Candice Hopkins is a curator and writer of Tlingit descent originally from Whitehorse, Yukon. She is Senior Curator of the Toronto Biennial of Art and co-curator of the 2018 SITE Santa Fe biennial, Casa Tomada. She was a part of the curatorial team for documenta 14 and a co-curator of the major exhibitions Sakahàn: International Indigenous Art, Close Encounters: The Next 500 Years, and the 2014 SITElines biennial, Unsettled Landscapes in Santa Fe, New Mexico. Her writing is published widely, she lectures internationally and is the recipient of numerous awards including the Hnatyshyn Foundation Award for Curatorial Excellence in Contemporary Art and the 2016 the Prix pour un essai critique sur l’art contemporain by the Foundation Prince Pierre de Monaco. 



Raven Chacon is a composer, performer and artist from Fort Defiance, Navajo Nation. His work ranges from chamber music to experimental noise to large scale installations, produced solo and with the Indigenous art collective Postcommodity. At California Institute of the Arts Chacon  developed a compositional language steeped in both the modernist avant-garde and indigenous cosmologies and subjectivities. He has written for ensembles, musicians and non-musicians, and for social and educational situations, and toured the world as a noise artist. As an educator, Chacon has served as composer-in-residence for the Native American Composer Apprentice Project.



Marshall Trammell is an experimental archivist, percussionist, conductor, and composer. His practice is centred in social change interventions to generate new local and global ecologies that embrace improvisation as a collective in the creation of post-capitalist imaginaries. Trammell’s work also uses political aesthetic theory, data creation, mapping, and collective music-and-artmaking in order to step out of the domain of traditional cultural institutions. He received a Foundation for Contemporary Arts Emergency Grant in 2015 to tour internationally with the band Black Spirituals and has been artist in residence at numerous venues. He was a board member of Merced County Arts Council (2014-2016), co-founder of Merced Youth Drum Corps, curator of Heavy Discipline series in Oakland (2012-13) & producer of Economimesis: Drummer's Secret Handshake, Economimesis: Black Fighting Formations and Decolonizing the Imagination: Arts Practicum.

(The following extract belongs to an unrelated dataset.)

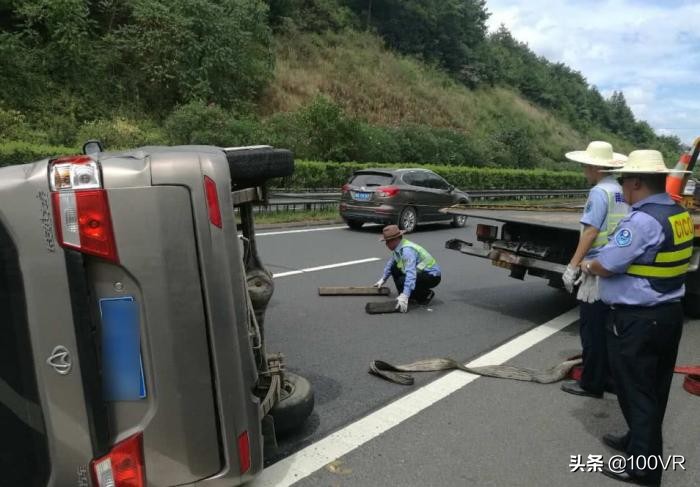 急刹车一脚踩死和点刹哪个有效,跑高速是急刹还是点刹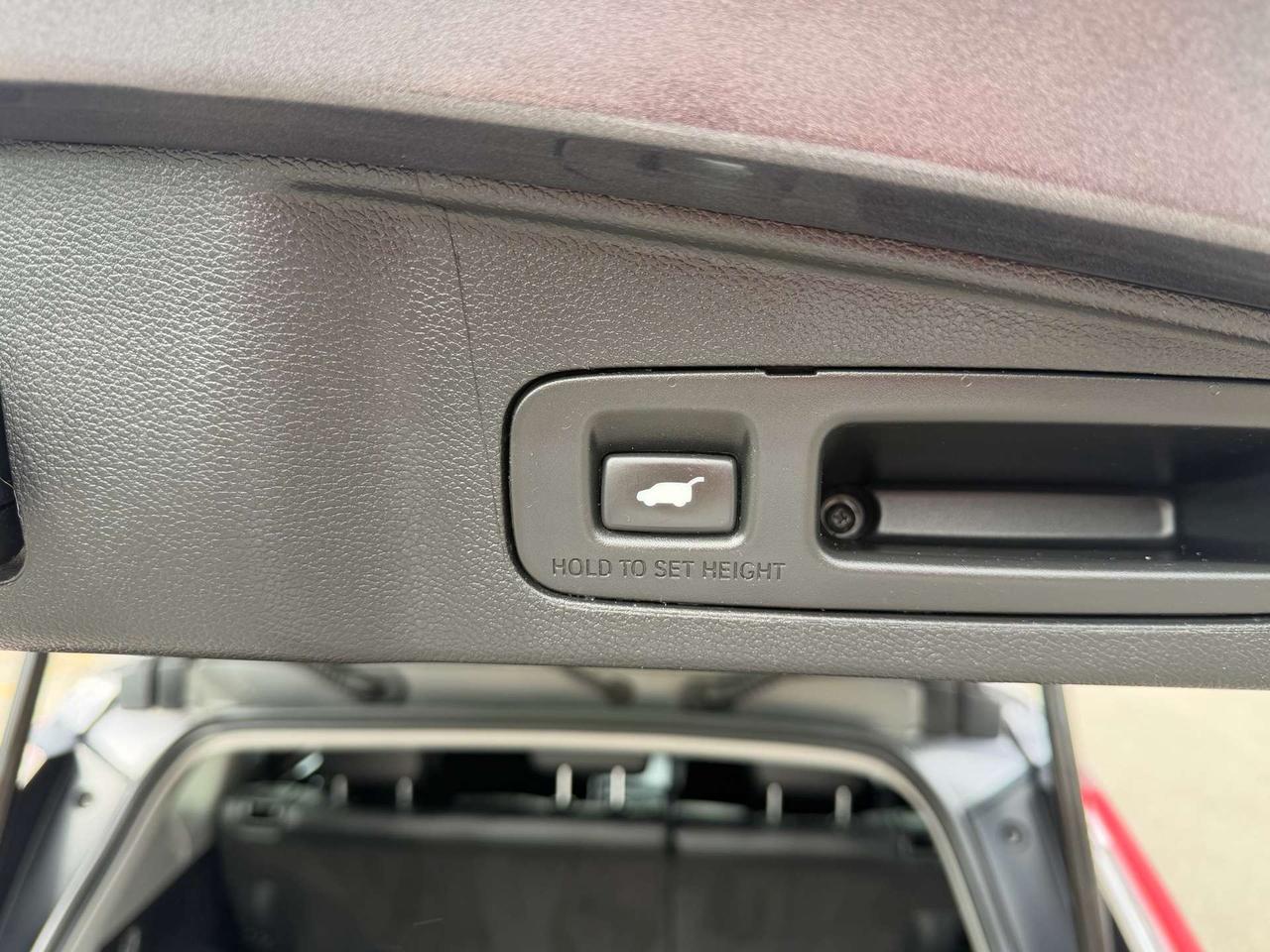 2019 Honda CR-V Touring ~ AWD ~ NAV ~ PANO ROOF ~ CERTIFIED Photo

Laura Ortman (White Mountain Apache) is a Brooklyn, NY composer, musician and artist. She produces solo albums, live performances and film/art soundtracks and frequently collaborates with artists in film, music, art, dance, multi-media, activitism and poetry. She plays violin, Apache violin, piano, electric guitar, keyboards, pedal steel guitar, sings through a megaphone, and makes field recordings. Ortman’s notable performances includes venues at the Whitney Museum of American Art, The National Museum of the American Indian, the Museum of Modern Art, The Kitchen, MoMA P.S. 1, Centre Pompidou, Musée d’Art Contemporain de Montréal, SF MoMA, Cathedral of St. John the Divine, The Knitting Factory, CBGB’s, St. Marks Church, Dia Art Foundation, the Wave Farm, amongst countless other established and DIY venues in the US, Canada and Western Europe



T. J. Demos, an award-winning writer, is Professor of Visual Culture at the University of California, Santa Cruz, and Director of its Center for Creative Ecologies. He writes widely about contemporary art, global politics, and ecology. His research focuses on the intersections of contemporary art, radical politics, and ecology—particularly where art, activism, and visual culture oppose racial, colonial, and extractive capitalism, and where they work towards social, economic, and environmental justice. He is the author of numerous books, including: Beyond the World’s End: Arts of Living at the Crossing (Duke University Press, 2020), Decolonizing Nature: Contemporary Art and Political Ecology (Sternberg Press, 2016), and Against the Anthropocene: Visual Culture and Environment Today, (Sternberg Press, 2017). Demos has also curated a number of exhibitions and film screening series, including Beyond the World's End at Santa Cruz' Museum of Art and History (2020-21); Rights of Nature: Art and Ecology in the Americas, at Nottingham Contemporary (2015); Specters: A Ciné-Politics of Haunting, at Madrid’s Reina Sofia Museum (2014); and Beyond the World’s End at the Museum of Art and History, Santa Cruz (2019).  


 
Isa Fremeaux & Jay Jordan inhabit La Zone à Défendre (ZAD); a rebel territory that won a 40 year long struggle against the building of a new airport close to the French city Nantes. Isa was teaching at the Birkbeck University in London, quitting in 2011 to escape the neo-liberal academic world to look for other forms of teaching, storytelling & creative resistance. Labelled a  "Domestic Extremist" by the UK police, and “a magician of rebellion” by the French press, Jay is an artist activist & co-founded the direct-action groups Reclaim the Streets & The Clown Army. A cameramen for Naomi Klein’s The Take & co-editor of the 2004 book We are everywhere: the irresistible rise of global anti-capitalism he now with isa co-facilitates the Laboratory of Insurrectionary Imagination. Infamous for fermenting disobedience on bicycles, throwing snowballs at bankers, launching a rebel raft regatta to shut down a power station and refusing to be censored by the Tate Modern. Their latest pamphlet “We are Nature Defending itself; art, activism and autonomous zones” will be coming out with Pluto this autumn.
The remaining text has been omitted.